Add an expiring key to Redis as a heartbeat on a timed basis.

_setRestartSearchFlag(aValue)

Thread-safe method to set the restart search flag value.

Parameters:aValue (bool) – the value to use.
_setup(args=None, aLogger=None)

Set up Traptor.

Load everything up. Note that any arg here will override both default and custom settings.

Parameters:
  • args – CLI arguments, if any.
  • aLogger – logger object, if any.
_setup_birdy()

Set up a birdy twitter stream. If there is a TwitterApiError it will exit with status code 3. This was done to prevent services like supervisor from automatically restart the process causing the twitter API to get locked out.

Creates self.birdy_conn.

_setup_kafka()

Set up a Kafka connection.

static _tweet_time_to_iso(tweet_time)

Convert tweet created_at to ISO time format.

Parameters:tweet_time – created_at date of a tweet
Returns:A string of the ISO formatted time.
_wait_for_rules()

Wait for the Redis rules to appear

run(args=None, aLogger=None)

Run method for running a traptor instance. It sets up the logging, connections, grabs the rules from redis, and starts writing data to kafka if enabled.

Parameters:args – CLI arguements, if any.
traptor.traptor.createArgumentParser()

Create and return the parser used for defining and processing CLI arguments.

Returns:ArgumentParser: returns the parser object.
class traptor.traptor.dotdict

dot.notation access to dictionary attributes

traptor.traptor.getAppParamStr(aEnvVar, aDefault=None, aCliArg=None)

Retrieves a string parameter from either the environment var or CLI param that overrides it, using aDefault if neither are defined.

Parameters:
  • aEnvVar (str) – the name of the Environment variable.
  • aDefault (str) – the default value to use if None found.
  • aCliArg (str) – the name of the CLI argument.
Returns:

str: Returns the parameter value to use.

traptor.traptor.getLoggingLevel(aLogLevelArg)

Get the logging level that should be reported.
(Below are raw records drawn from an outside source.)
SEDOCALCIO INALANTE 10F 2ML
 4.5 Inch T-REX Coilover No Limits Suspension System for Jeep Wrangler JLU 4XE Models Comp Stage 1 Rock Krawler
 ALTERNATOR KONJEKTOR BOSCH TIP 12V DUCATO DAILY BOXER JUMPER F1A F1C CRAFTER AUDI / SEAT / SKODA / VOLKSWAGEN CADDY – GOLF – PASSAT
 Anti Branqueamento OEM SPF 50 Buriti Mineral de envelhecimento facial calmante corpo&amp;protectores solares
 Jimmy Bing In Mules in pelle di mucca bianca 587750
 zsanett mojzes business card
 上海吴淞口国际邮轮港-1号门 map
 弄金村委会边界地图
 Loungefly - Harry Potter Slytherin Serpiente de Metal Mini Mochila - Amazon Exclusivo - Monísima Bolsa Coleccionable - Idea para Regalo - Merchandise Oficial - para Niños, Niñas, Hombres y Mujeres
Parameters:aLogLevelArg (str) – the CLI param
Returns:str: Returns one of the logging levels supported.
traptor.traptor.get_main()

What is our main app called? Not easy to find out. See https://stackoverflow.com/a/35514032

Returns:str: Returns the main filename, path excluded.
traptor.traptor.logExtra(*info_args)

Generate standardized logging information. Arguments can be of types dict|str|Exception.

Returns:dict: Returns the extra param for logger.
traptor.traptor.log_retry_kafka(func, aRetryNum, arg3)

If a retry occurs, log it.

Parameters:
  • func – this function reference.
  • aRetryNum – the retry number.
  • arg3 – unknown decimal value, maybe time since last retry?
traptor.traptor.log_retry_redis(func, aRetryNum, arg3)

If a retry occurs, log it.

Parameters:
  • func – this function reference.
  • aRetryNum – the retry number.
  • arg3 – unknown decimal value, maybe time since last retry?
traptor.traptor.log_retry_twitter(func, aRetryNum, arg3)

If a retry occurs, log it.

Parameters:
  • func – this function reference.
  • aRetryNum – the retry number.
  • arg3 – unknown decimal value, maybe time since last retry?
traptor.traptor.main()

Command line interface to run a traptor instance.

traptor.traptor.merge_dicts(*dict_args)

Given any number of dicts, shallow copy and merge into a new dict, precedence goes to key value pairs in latter dicts. Backwards compatible function; Python 3.5+ equivalent of foo = {**x, **y, **z}

traptor.traptor.sendRuleToRedis(aRedisConn, aRule, aRuleIndex=9223372036854775807)
traptor.traptor.str2bool(v)

Convert a string to a boolean

Return boolean:Returns True if string is a true-type string.